> What this task involves: Copy out the lines beginning with the one that contains "This is a typical" and ending with the last line below, exactly as they stand. Pictures are not copied.

> Records for the exercise:
>>

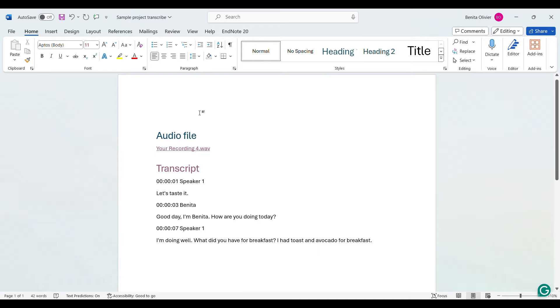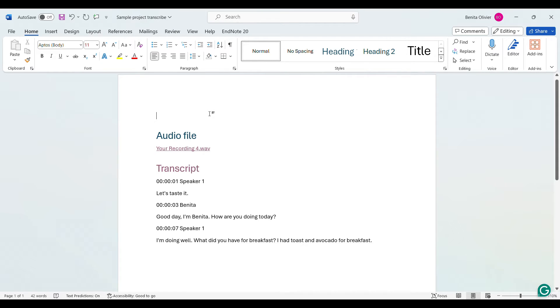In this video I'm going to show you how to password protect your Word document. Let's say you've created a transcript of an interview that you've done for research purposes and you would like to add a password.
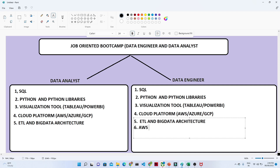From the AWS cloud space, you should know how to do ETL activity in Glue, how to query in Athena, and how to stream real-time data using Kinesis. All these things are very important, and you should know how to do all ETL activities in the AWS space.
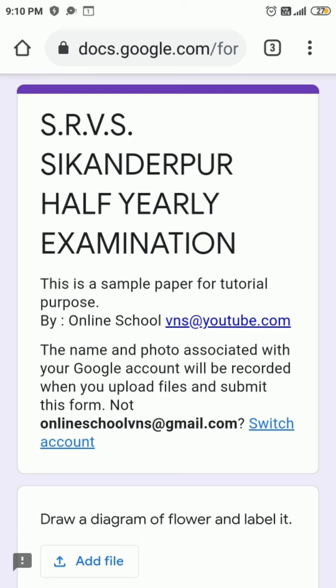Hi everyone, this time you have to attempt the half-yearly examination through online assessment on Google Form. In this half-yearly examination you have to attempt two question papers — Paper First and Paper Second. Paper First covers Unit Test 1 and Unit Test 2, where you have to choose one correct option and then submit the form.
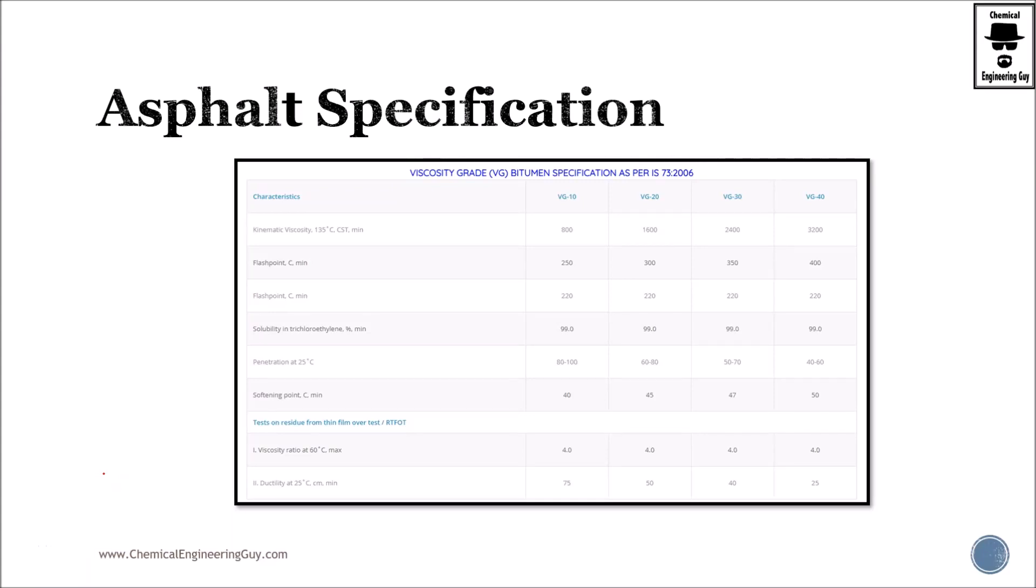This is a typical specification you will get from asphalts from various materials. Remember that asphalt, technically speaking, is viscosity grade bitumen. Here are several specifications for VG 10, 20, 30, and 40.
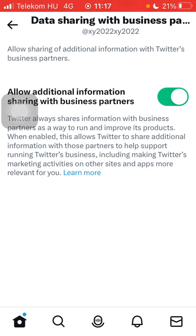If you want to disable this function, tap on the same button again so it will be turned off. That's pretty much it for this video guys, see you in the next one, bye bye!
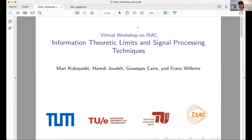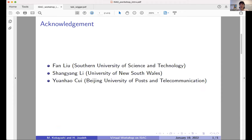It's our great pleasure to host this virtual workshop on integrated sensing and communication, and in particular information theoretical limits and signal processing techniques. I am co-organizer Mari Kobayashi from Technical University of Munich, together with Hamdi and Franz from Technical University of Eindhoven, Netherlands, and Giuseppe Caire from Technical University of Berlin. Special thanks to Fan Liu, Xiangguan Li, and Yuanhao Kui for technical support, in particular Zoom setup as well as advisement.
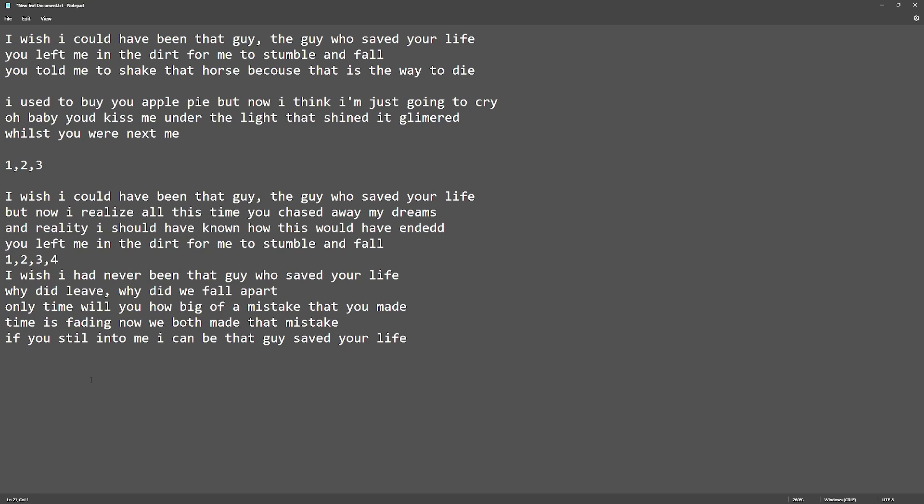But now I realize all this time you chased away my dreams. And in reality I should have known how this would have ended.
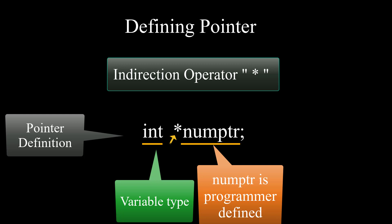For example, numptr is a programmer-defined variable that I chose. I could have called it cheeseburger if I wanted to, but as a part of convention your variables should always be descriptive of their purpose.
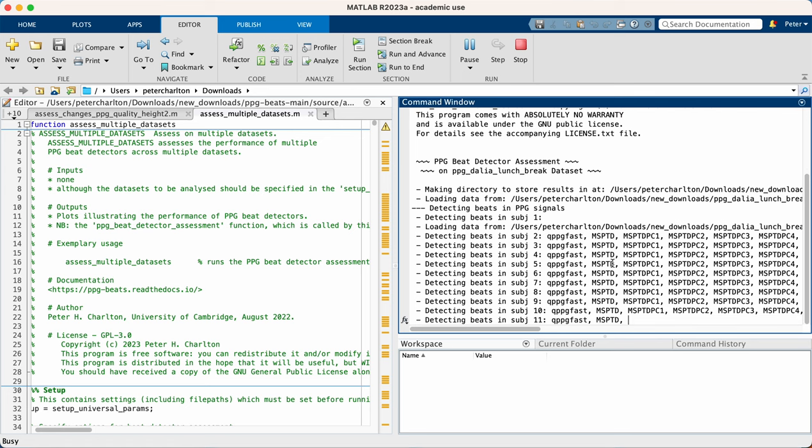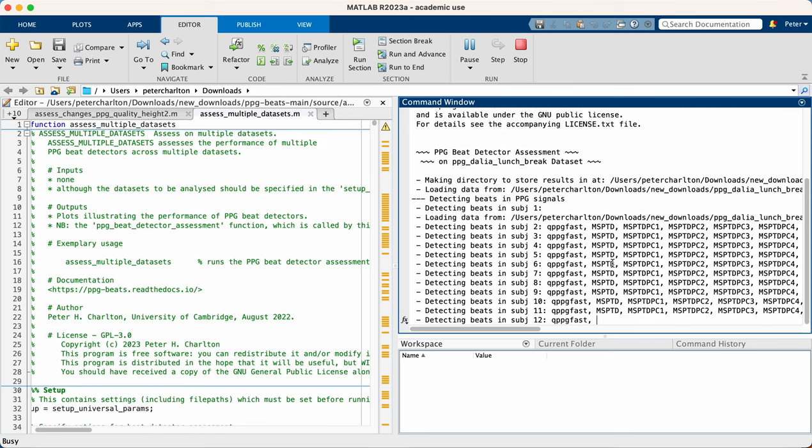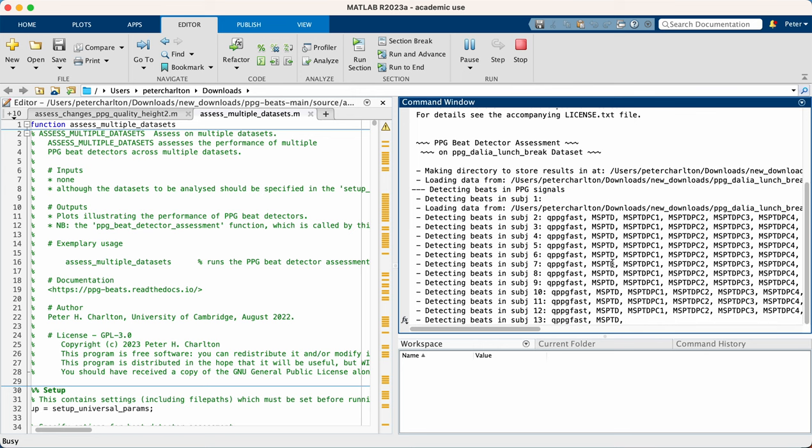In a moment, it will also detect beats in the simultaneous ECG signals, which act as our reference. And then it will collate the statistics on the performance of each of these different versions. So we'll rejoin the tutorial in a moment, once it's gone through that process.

<<

> Your solution:
This is a typical specification you will get from asphalts from various materials. Remember that asphalt, technically speaking, is viscosity grade bitumen. Here are several specifications for VG 10, 20, 30, and 40.
If you want to disable this function, tap on the same button again so it will be turned off. That's pretty much it for this video guys, see you in the next one, bye bye!
It's our great pleasure to host this virtual workshop on integrated sensing and communication, and in particular information theoretical limits and signal processing techniques. I am co-organizer Mari Kobayashi from Technical University of Munich, together with Hamdi and Franz from Technical University of Eindhoven, Netherlands, and Giuseppe Caire from Technical University of Berlin. Special thanks to Fan Liu, Xiangguan Li, and Yuanhao Kui for technical support, in particular Zoom setup as well as advisement.
But now I realize all this time you chased away my dreams. And in reality I should have known how this would have ended.
For example, numptr is a programmer-defined variable that I chose. I could have called it cheeseburger if I wanted to, but as a part of convention your variables should always be descriptive of their purpose.
In a moment, it will also detect beats in the simultaneous ECG signals, which act as our reference. And then it will collate the statistics on the performance of each of these different versions. So we'll rejoin the tutorial in a moment, once it's gone through that process.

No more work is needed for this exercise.